But like so many others, they went anyway, leaving Iowa on July 28, 1856, and then Florence, Nebraska on August 27th.

 

“Diary of Patience Loader Rosa [Rozsa] Archer.” Typescript, Harold B. Lee Library, Brigham Young University, Provo, Utah.

Mary Soar Taylor

Mary Soar Taylor, age thirty-one, was a widow when she came across the plains with her two sons, William Henry, twelve, and Jesse Soar Taylor, ten, in the Martin handcart company. Mary remembered their arrival in the Salk Lake Valley:

“Many had their limbs badly frozen[,] myself and William among the number…. I could not stand on my feet for three months after I arrived.”

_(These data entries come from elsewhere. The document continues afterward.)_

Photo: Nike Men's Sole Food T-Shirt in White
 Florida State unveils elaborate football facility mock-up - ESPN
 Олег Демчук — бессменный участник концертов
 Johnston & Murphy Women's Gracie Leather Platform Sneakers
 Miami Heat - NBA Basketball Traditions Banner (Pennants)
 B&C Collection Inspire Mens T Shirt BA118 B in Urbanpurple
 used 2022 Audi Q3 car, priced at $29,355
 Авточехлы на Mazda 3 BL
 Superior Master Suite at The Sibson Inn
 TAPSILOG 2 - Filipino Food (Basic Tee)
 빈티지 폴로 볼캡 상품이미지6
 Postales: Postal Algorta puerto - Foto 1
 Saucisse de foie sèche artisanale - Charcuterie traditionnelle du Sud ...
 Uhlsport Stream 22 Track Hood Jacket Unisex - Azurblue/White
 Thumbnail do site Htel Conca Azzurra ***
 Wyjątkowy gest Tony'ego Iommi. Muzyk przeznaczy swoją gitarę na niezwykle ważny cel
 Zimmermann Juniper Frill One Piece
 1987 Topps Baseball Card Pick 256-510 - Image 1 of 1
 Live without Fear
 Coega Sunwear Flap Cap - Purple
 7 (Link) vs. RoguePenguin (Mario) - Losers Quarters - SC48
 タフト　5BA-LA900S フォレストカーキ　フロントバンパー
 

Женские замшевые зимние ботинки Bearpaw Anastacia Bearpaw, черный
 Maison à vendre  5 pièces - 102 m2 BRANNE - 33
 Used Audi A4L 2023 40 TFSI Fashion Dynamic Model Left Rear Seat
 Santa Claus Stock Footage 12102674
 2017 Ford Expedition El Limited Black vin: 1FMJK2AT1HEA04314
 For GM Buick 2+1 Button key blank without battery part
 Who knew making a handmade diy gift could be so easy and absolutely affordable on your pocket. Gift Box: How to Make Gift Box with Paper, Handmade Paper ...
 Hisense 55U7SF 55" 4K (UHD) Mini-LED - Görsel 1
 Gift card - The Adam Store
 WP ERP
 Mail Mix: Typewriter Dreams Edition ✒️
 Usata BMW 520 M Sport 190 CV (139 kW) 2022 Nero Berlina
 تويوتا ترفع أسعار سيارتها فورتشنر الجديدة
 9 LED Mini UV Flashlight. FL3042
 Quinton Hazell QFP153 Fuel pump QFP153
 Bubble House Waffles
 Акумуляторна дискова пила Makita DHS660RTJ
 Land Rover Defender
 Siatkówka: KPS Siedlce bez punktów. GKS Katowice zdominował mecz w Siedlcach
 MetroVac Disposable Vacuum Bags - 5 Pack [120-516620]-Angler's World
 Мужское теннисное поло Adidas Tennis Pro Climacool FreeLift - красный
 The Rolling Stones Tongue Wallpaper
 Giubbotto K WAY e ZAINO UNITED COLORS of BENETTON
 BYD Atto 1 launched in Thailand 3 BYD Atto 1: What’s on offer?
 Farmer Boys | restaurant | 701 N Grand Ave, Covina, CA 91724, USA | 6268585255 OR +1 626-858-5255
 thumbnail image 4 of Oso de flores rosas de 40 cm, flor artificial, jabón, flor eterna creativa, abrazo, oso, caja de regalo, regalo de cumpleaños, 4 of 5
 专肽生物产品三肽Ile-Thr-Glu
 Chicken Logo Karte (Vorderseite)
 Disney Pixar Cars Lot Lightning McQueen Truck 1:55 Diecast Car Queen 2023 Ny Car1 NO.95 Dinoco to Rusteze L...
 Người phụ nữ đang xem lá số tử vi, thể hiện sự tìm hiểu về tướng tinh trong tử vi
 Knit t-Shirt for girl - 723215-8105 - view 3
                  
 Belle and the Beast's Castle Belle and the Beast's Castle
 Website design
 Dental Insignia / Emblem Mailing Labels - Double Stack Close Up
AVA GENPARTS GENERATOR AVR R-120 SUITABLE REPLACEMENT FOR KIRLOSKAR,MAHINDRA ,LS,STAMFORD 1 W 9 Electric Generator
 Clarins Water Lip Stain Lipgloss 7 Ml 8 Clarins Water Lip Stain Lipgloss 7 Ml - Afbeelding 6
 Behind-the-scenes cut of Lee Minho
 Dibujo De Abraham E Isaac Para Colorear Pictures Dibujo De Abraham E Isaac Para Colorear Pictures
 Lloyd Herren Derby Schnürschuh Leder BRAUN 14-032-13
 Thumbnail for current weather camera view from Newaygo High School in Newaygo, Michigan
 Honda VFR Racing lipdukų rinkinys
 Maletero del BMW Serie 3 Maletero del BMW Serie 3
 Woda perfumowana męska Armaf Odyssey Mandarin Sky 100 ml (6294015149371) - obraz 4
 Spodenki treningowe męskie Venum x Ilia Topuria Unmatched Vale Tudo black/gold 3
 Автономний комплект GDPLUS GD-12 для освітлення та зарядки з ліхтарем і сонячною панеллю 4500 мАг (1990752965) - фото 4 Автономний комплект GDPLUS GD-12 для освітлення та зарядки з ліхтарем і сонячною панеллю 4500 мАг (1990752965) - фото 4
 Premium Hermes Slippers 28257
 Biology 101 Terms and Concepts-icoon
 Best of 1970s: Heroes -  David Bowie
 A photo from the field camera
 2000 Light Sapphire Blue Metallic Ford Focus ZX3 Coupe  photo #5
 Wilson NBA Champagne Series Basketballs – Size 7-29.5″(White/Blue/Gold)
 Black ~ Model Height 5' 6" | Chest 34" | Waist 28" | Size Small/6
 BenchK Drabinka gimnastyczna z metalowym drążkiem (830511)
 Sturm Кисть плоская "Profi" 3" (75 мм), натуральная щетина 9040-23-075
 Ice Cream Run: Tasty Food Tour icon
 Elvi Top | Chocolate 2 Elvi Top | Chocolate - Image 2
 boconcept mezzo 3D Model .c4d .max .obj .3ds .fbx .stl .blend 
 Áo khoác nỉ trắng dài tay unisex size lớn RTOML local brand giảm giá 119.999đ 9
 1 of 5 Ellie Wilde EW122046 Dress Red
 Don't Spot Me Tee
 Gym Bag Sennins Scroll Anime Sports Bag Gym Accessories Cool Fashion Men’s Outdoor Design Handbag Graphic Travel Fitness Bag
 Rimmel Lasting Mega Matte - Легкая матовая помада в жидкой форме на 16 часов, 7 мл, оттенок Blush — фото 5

In Mary’s letter to her posterity, she bore her testimony: “I know it is the work of God and I hope and trust that any of my posterity that may come in possession of this may be strengthened in their faith by it and be worthy of such parentage for truly we suffered much for the truth’s sake but the reward of the faithful is sure.”

 

In Kate B. Carter, “Happenings in the Valley,” Our Pioneer Heritage, 20 vols. Salt Lake City: Daughters of Utah Pioneers, 1960, 3:247-49

Sarah Ann Franks

This incident most likely took place in Martin’s Cove:

“Sarah [Ann Franks, member of the Martin handcart company] became so weak and ill with chills and fever that she was taken into one of the wagons. Her sweetheart [George Padley] also became very ill from hunger and exposure and developed pneumonia and died. Sarah took her long-fringed shawl from her almost freezing body and had the brethren wrap her sweet-hear’s body in it. She couldn’t bear to think of his being buried with nothing to protect him from shoveled dirt and ravages of the weather. It as been said that the weather was so severe that his body was hung from a tree for others, who followed, to bury. [This also spared his body from being ravaged by wolves.] Sarah was too ill to even raise her head and witness the arrival of the relief wagons, which were greeted with joy and thanksgiving…. The sick were made comfortable in the wagons and were sent on ahead of the main company to the Salt Lake Valley.”

 

“Descendants of Thomas Mackay – Utah Pioneer, Vol. 1, Wives and Children.” Published by Thomas Mackay Family Organization, Murray, Utah, 1964.

William Woodward

“A number of years after the handcart trek, William Woodward was at a general conference in Salt Lake. He met a woman who had been one of his Hundred [in the Willie company]. She reminded him of some good rawhide shoes which were owned by one of the men in the party. William did remember them, and she then asked if he ever wondered what had happened to them. [Evidently they turned up missing one day.] The woman told William that she had taken them one night and made soup with them.”

 

Told by Cecil Woodward, William’s son, as printed in History of William Woodward, 1833-1908, typescript in possession of Daina Zollinger, River Heights, Utah.

Ann Jewell Rowley

Ann Jewell Rowley was a widow when she crossed the plains with the Willie handcart company. Her husband, William, had died in 1848. Ann related her story:

“I was left a widow with 7 children under 12 years of age and the step children of William’s first marriage. I was very grateful for the gospel of Jesus Christ and the comfort it gave me. I knew that our parting was only temporary and that viewed from the eternities, this was but a fleeting moment. I also knew that no matter how fleeting a moment it was, I had to make the best of it. I had a very real job to do. The children had to be fed and clothed, but the big task and the one I must accomplish, is to get us all to Zion. I must be among the people of my faith and I must get the Temple work done for us. Each person that could earn money at all, was required to work.”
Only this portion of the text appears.